## Task instructions
Only one stretch of the data below is wanted: the lines from the one with "Крем для век" through the one with "2026 Hyundai Santa Fe Hybrid SE FWD", repeated exactly.

Stored data entries

****************

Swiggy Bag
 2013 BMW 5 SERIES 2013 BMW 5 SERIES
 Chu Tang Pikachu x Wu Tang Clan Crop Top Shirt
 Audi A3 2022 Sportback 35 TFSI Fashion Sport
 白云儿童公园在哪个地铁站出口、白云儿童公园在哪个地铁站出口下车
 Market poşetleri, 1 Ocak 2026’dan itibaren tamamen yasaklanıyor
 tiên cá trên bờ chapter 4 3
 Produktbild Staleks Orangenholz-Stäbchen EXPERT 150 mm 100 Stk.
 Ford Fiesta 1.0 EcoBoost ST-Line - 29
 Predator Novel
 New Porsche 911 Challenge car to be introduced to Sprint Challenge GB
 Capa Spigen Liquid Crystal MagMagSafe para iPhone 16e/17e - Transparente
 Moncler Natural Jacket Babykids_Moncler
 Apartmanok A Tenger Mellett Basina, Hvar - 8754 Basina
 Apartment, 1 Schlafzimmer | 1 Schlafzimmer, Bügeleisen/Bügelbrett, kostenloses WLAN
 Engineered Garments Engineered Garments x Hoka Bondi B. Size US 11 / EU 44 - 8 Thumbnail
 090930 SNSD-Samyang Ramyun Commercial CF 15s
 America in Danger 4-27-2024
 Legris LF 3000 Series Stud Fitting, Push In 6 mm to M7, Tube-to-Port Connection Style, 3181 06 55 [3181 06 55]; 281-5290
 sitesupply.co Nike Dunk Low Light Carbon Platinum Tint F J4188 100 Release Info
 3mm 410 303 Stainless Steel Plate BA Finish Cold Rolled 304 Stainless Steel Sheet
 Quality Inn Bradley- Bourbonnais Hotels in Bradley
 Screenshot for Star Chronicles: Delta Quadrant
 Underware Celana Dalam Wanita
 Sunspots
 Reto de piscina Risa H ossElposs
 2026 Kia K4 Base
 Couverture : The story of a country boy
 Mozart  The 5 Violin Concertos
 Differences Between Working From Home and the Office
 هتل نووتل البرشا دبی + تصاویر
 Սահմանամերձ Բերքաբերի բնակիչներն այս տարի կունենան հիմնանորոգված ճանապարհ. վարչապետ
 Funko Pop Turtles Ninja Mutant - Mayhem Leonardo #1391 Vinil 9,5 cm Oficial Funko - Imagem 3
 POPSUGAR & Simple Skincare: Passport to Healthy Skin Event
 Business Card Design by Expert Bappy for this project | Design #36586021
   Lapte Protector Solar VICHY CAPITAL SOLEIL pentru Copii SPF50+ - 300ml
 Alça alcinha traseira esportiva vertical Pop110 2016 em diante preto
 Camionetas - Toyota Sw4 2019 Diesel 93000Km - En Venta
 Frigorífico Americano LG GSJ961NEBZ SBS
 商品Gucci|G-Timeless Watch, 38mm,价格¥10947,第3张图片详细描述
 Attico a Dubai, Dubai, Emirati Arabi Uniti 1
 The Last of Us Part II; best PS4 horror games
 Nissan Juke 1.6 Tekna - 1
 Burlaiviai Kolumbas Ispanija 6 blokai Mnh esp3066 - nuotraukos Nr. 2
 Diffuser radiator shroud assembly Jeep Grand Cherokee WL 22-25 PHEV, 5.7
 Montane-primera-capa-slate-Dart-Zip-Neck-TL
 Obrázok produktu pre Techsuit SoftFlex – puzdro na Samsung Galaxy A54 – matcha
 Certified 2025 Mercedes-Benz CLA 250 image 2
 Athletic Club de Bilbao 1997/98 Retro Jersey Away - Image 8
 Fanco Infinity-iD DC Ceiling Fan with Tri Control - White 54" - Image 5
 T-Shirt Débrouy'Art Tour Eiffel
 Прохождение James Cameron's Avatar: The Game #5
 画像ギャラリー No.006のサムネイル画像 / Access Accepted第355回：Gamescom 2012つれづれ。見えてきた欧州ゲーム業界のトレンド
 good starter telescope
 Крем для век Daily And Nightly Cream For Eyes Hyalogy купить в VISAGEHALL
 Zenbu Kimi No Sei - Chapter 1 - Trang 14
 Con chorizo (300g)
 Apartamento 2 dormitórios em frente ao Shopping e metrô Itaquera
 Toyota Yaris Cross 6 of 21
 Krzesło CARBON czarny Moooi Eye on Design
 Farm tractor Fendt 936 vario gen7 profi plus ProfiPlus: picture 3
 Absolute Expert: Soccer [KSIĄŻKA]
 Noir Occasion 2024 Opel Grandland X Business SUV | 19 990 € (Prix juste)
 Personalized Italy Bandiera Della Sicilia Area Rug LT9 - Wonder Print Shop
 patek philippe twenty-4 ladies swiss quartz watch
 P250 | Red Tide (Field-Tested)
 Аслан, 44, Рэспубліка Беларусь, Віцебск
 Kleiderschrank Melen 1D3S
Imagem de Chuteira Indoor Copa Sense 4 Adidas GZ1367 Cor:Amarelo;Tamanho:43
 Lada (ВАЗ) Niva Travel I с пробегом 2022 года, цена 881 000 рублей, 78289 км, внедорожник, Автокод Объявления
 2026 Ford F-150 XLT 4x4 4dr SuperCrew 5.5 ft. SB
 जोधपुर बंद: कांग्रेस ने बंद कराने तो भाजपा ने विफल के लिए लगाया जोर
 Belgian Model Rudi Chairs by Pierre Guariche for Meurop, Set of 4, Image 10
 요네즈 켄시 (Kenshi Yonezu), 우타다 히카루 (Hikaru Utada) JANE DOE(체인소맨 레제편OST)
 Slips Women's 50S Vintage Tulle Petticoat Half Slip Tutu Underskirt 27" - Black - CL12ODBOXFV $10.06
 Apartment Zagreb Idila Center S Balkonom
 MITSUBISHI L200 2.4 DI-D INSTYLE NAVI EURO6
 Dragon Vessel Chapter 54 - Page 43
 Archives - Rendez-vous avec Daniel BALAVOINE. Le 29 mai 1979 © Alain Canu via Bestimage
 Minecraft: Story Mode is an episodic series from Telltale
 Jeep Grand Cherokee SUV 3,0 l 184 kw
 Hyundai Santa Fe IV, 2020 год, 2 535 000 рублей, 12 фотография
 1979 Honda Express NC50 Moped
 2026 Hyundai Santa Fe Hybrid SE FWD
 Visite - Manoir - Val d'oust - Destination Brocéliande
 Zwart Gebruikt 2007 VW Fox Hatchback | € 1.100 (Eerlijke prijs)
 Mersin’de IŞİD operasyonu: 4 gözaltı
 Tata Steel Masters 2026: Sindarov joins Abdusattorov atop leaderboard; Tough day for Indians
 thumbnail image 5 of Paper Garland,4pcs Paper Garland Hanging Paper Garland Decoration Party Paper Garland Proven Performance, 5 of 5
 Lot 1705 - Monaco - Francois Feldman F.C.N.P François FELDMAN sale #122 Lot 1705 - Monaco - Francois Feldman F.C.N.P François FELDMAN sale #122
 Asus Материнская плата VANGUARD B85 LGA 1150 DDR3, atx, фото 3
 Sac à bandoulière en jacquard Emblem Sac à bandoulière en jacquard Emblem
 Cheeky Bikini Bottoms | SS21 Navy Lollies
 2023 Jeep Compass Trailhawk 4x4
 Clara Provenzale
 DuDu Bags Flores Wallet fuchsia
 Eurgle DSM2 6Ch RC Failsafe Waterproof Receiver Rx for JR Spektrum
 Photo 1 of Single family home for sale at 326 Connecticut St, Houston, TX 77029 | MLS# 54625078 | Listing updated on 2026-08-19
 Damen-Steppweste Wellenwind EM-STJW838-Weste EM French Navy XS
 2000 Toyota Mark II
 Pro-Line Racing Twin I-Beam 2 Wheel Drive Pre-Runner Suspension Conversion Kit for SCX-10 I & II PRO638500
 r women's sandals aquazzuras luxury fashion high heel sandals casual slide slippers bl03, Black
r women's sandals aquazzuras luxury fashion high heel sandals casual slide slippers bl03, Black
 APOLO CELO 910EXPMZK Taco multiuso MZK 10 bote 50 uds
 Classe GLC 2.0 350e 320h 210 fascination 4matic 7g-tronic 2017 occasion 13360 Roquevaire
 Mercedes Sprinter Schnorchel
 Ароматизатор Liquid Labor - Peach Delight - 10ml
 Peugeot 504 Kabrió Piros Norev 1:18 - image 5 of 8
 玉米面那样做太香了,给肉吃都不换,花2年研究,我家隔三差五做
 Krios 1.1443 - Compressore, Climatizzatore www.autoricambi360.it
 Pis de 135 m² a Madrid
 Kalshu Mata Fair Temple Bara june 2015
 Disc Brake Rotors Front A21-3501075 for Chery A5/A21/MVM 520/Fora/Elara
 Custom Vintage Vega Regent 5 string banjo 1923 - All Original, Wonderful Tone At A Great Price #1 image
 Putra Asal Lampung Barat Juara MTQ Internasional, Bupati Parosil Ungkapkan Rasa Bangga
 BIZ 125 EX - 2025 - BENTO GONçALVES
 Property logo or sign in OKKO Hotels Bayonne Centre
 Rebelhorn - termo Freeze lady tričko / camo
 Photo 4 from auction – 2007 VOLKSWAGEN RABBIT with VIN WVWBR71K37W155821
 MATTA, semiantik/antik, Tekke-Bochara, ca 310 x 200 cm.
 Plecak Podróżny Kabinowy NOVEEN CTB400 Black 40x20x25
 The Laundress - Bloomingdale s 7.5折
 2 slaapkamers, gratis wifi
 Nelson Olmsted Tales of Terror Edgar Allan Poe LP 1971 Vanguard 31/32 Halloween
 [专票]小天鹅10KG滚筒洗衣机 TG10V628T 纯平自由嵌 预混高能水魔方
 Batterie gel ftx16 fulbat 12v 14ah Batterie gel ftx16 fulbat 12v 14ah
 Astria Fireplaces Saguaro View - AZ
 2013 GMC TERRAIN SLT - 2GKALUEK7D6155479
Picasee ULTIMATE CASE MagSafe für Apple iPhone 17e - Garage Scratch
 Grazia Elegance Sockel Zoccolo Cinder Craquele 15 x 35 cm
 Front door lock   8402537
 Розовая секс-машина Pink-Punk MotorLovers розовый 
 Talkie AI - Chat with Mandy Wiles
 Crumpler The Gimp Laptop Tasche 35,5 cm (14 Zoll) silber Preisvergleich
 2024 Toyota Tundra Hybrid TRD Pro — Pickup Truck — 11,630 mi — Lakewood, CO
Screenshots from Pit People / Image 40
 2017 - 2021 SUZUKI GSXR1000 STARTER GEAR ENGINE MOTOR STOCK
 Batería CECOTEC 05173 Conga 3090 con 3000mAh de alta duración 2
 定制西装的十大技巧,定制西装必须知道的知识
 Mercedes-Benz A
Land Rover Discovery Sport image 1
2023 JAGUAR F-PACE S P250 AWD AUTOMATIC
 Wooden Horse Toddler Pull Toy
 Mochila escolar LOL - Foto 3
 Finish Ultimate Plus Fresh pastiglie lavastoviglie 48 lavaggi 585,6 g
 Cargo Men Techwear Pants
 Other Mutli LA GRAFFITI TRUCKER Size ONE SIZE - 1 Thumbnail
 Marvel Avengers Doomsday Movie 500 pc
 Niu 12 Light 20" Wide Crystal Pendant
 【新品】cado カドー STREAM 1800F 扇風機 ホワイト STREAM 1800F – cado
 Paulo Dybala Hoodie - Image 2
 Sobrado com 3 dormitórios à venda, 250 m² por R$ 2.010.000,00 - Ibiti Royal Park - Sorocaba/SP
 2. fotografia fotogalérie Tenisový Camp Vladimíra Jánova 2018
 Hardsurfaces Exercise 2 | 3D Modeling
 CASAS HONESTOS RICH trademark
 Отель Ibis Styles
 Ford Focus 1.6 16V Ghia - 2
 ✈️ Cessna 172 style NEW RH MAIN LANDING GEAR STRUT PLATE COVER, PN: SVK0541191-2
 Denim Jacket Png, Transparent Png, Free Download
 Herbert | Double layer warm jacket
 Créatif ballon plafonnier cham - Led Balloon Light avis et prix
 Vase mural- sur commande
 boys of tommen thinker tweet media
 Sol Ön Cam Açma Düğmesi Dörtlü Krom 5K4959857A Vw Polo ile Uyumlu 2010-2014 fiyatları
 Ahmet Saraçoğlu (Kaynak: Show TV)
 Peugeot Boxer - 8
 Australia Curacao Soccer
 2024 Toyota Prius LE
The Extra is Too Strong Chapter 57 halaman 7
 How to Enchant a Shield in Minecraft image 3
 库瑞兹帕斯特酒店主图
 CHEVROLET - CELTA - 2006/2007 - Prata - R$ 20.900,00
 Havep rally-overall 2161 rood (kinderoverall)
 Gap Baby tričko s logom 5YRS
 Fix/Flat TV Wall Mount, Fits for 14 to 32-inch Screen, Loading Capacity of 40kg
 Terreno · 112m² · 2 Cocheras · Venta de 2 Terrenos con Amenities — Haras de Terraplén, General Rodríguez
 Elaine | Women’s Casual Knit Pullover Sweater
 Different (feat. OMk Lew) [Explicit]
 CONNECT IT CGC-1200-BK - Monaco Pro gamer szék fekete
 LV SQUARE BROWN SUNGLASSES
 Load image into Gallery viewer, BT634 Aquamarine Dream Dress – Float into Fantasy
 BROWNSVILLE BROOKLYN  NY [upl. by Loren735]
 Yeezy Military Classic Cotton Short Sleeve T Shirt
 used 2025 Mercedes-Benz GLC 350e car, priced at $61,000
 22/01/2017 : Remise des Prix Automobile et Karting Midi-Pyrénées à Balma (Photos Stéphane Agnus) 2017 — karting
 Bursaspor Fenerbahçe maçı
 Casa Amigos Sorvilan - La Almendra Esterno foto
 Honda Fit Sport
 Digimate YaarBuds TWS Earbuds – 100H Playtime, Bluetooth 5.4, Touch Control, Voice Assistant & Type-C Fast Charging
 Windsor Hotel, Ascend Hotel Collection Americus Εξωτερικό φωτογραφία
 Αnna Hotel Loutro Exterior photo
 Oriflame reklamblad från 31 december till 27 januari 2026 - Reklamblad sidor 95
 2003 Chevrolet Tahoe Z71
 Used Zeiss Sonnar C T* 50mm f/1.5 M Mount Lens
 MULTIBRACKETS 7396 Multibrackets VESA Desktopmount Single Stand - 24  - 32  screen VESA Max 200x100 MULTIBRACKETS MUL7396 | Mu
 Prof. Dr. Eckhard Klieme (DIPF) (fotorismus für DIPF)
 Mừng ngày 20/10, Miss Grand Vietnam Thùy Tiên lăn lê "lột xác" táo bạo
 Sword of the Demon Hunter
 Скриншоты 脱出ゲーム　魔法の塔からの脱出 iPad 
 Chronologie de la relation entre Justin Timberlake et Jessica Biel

****************

## Solution below
 Крем для век Daily And Nightly Cream For Eyes Hyalogy купить в VISAGEHALL
 Zenbu Kimi No Sei - Chapter 1 - Trang 14
 Con chorizo (300g)
 Apartamento 2 dormitórios em frente ao Shopping e metrô Itaquera
 Toyota Yaris Cross 6 of 21
 Krzesło CARBON czarny Moooi Eye on Design
 Farm tractor Fendt 936 vario gen7 profi plus ProfiPlus: picture 3
 Absolute Expert: Soccer [KSIĄŻKA]
 Noir Occasion 2024 Opel Grandland X Business SUV | 19 990 € (Prix juste)
 Personalized Italy Bandiera Della Sicilia Area Rug LT9 - Wonder Print Shop
 patek philippe twenty-4 ladies swiss quartz watch
 P250 | Red Tide (Field-Tested)
 Аслан, 44, Рэспубліка Беларусь, Віцебск
 Kleiderschrank Melen 1D3S
Imagem de Chuteira Indoor Copa Sense 4 Adidas GZ1367 Cor:Amarelo;Tamanho:43
 Lada (ВАЗ) Niva Travel I с пробегом 2022 года, цена 881 000 рублей, 78289 км, внедорожник, Автокод Объявления
 2026 Ford F-150 XLT 4x4 4dr SuperCrew 5.5 ft. SB
 जोधपुर बंद: कांग्रेस ने बंद कराने तो भाजपा ने विफल के लिए लगाया जोर
 Belgian Model Rudi Chairs by Pierre Guariche for Meurop, Set of 4, Image 10
 요네즈 켄시 (Kenshi Yonezu), 우타다 히카루 (Hikaru Utada) JANE DOE(체인소맨 레제편OST)
 Slips Women's 50S Vintage Tulle Petticoat Half Slip Tutu Underskirt 27" - Black - CL12ODBOXFV $10.06
 Apartment Zagreb Idila Center S Balkonom
 MITSUBISHI L200 2.4 DI-D INSTYLE NAVI EURO6
 Dragon Vessel Chapter 54 - Page 43
 Archives - Rendez-vous avec Daniel BALAVOINE. Le 29 mai 1979 © Alain Canu via Bestimage
 Minecraft: Story Mode is an episodic series from Telltale
 Jeep Grand Cherokee SUV 3,0 l 184 kw
 Hyundai Santa Fe IV, 2020 год, 2 535 000 рублей, 12 фотография
 1979 Honda Express NC50 Moped
 2026 Hyundai Santa Fe Hybrid SE FWD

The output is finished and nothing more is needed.